Question

In a group of 52 people,16 read Taranga but not Sudha and 33 read Taranga. How many read Sudha but not Taranga?
A. 19
B. 20
C. 30
D. 23

Answer 1

Hint: Draw a venn diagram for representing the number of people who are speaking Taranga and Sudha. Use variables to represent the parts of the venn-diagram.
Now, use the given information and form equations in terms of the variables and hence solve them to get the values of variables. Finally calculate the required answer from the Venn-diagram.

Complete step-by-step answer:
Here, we have a group of 52 people in which 16 read Taranga but not Sudha and 33 read Taranga, and we need to determine the number of people who read Sudha but not Taranga.
We can solve this question by drawing a Venn diagram with the relation of people who read Taranga and Sudha.
So, let us have two circles denoting the number of people reading Taranga and Sudha and some people who read both are also shown.

Let, there are x, y, z people lying in the three parts of the above diagram. So,
X is denoting people who are reading Taranga but not Sudha.
Z is denoting people who are reading Sudha but not Taranga.
Y is denoting people who are reading both Sudha and Taranga.
Now, we have a total number of people as 52. So, 52 people will contain people who read only Sudha, both and Taranga as per the Venn-diagram.
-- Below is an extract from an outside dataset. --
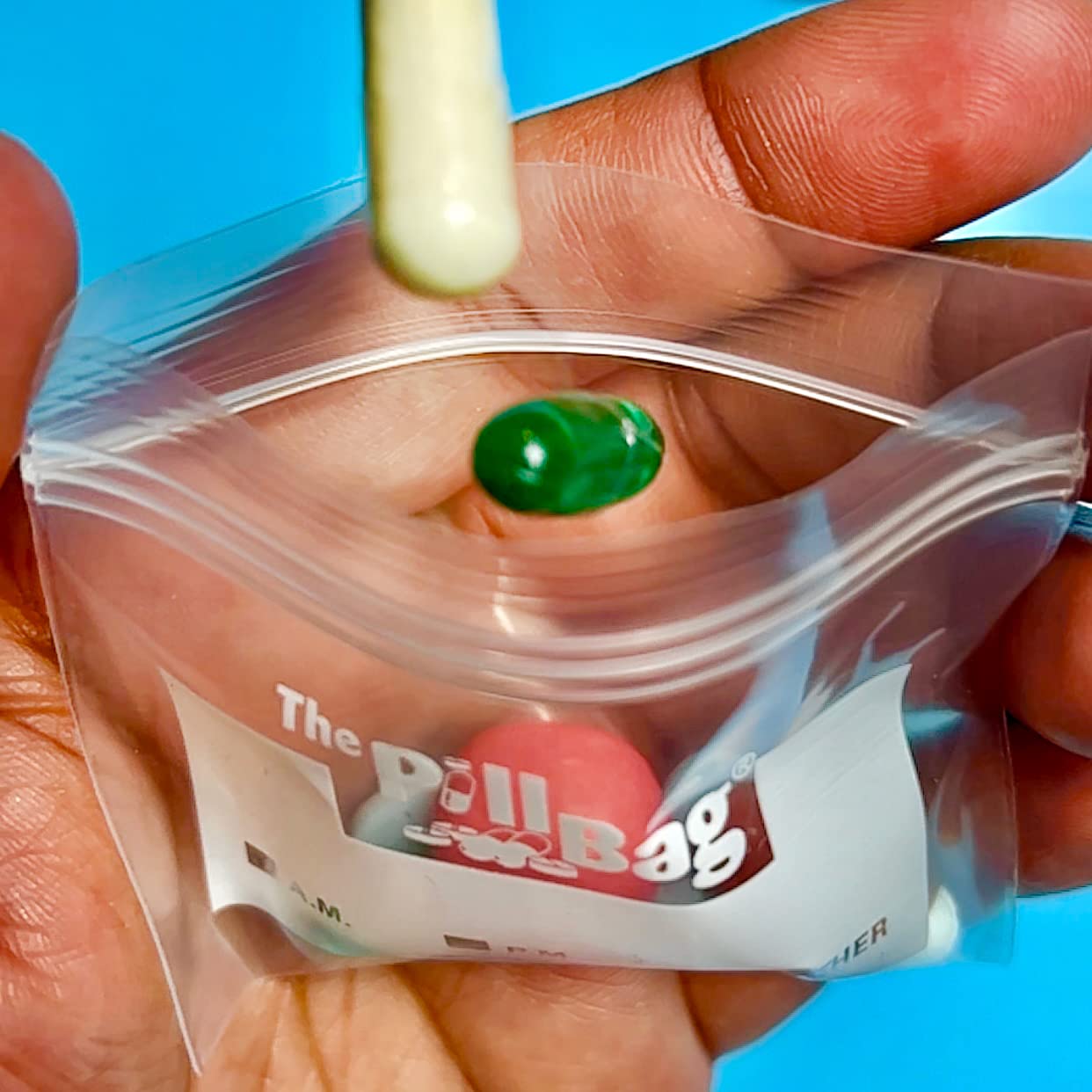 The Pill Bag trousse-voyage-sante compacte prête à emporter.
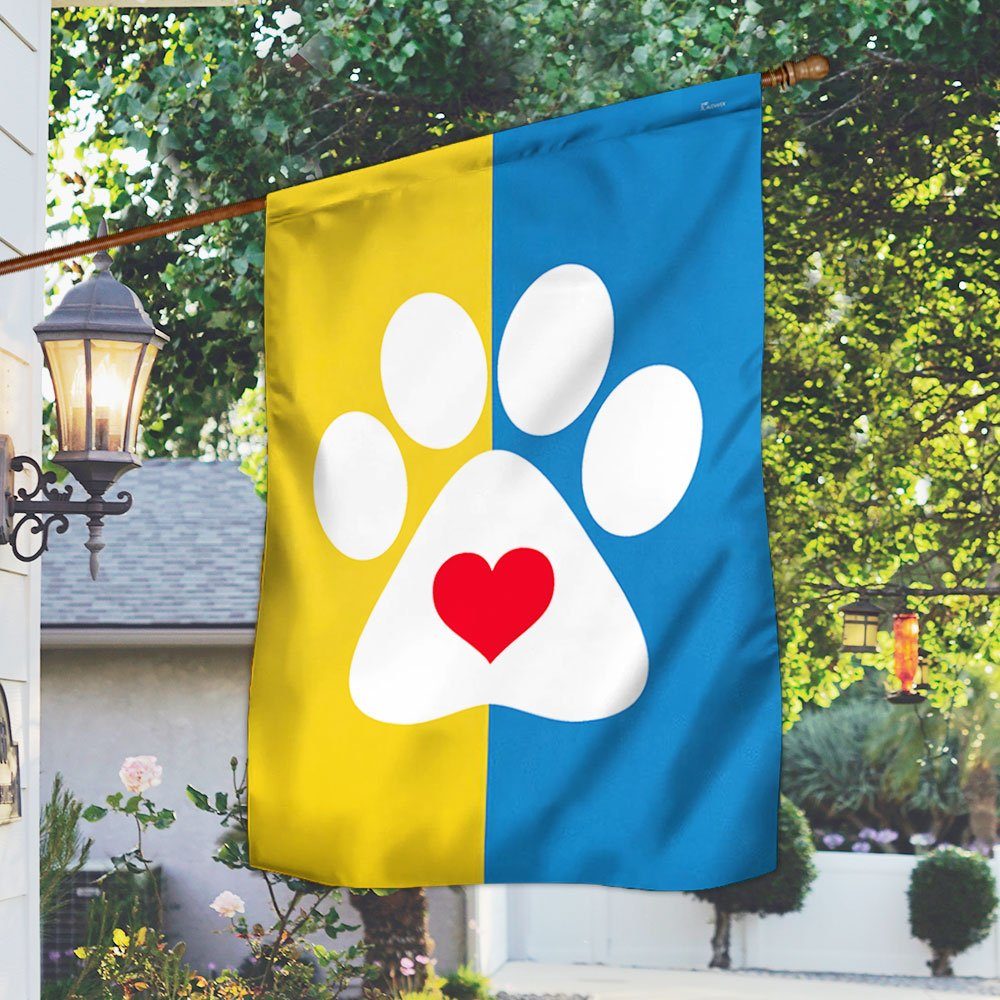 Ukraine Pets Flag. Paws For Peace, Stand With Ukraine QNK1093F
So, we get
\[x+y+z=52\] …………………………………………..(i)
Now, it is also given that 16 read Taranga only but not Sudha, so 16 people will lie in Taranga part of the venn diagram. It means the value of x is 16. So, we get
$x=16$ …………………………………………………..(ii)
Now, another condition is that 33 read Taranga. It means 33 people will belong to the whole circle of the Taranga(venn-diagram) which is represented by T in the figure. So, $\left( x+y \right)$ people will read Taranga from the diagram; so, we get
$x+y=33$ ………………………………………………….(iii)
Now, put the value of $\left( x+y \right)$ from equation (iii) to equation (i). So, we get
$33+z=52$
$z=52-33=19$ people
And put the value of x from equation (ii) to equation (iii) to get the value of y. So, we get
\[16+y=33\]
$y=33-16=17$ people
So, we get $x=16,y=17,z=19$
Now, we can draw our venn diagram as

Now, coming to the question, it is asked to find the number of people who read Sudha but not Taranga.
So, we can observe the above venn diagram and get the answer as 19 which is the value of variable z.
Hence, 19 people are there who read Sudha but not Taranga.
So, option (A) is correct.

Note: Another approach for calculating the number of people who read Sudha not Taranga as :-
We know
$n\left( A\cup B \right)=n\left( A \right)+n\left( B \right)-n\left( A\cap B \right)$
Hence, we get
$\Rightarrow n\left( S\cup T \right)=n\left( S \right)+n\left( T \right)-n\left( S\cap T \right)$
$n\left( S \right)\to $ People who read Sudha
$n\left( T \right)\to $ People who read Taranga
$n\left( S\cap T \right)\to $ People who read both
$n\left( S\cup T \right)\to $ Total people involved to read Sudha or Taranga.
Hence, $n\left( S\cup T \right)=52$
$n\left( T \right)=33$
And, we have $n\left( T \right)-n\left( S\cap T \right)=16$ i.e. people who read Taranga not Sudha.
$n\left( S\cap T \right)=33-16=17$
Now, find $n\left( S \right)$ from the above mentioned formula and $n\left( S \right)-n\left( T\cap S \right)$ i.e. people who read Sudha not Taranga. Now, solve it.
Venn diagrams are the most powerful and fundamental approach for these kinds of questions. It makes understanding of questions much better than any other method. And be careful while using the above mentioned method in ‘Note’.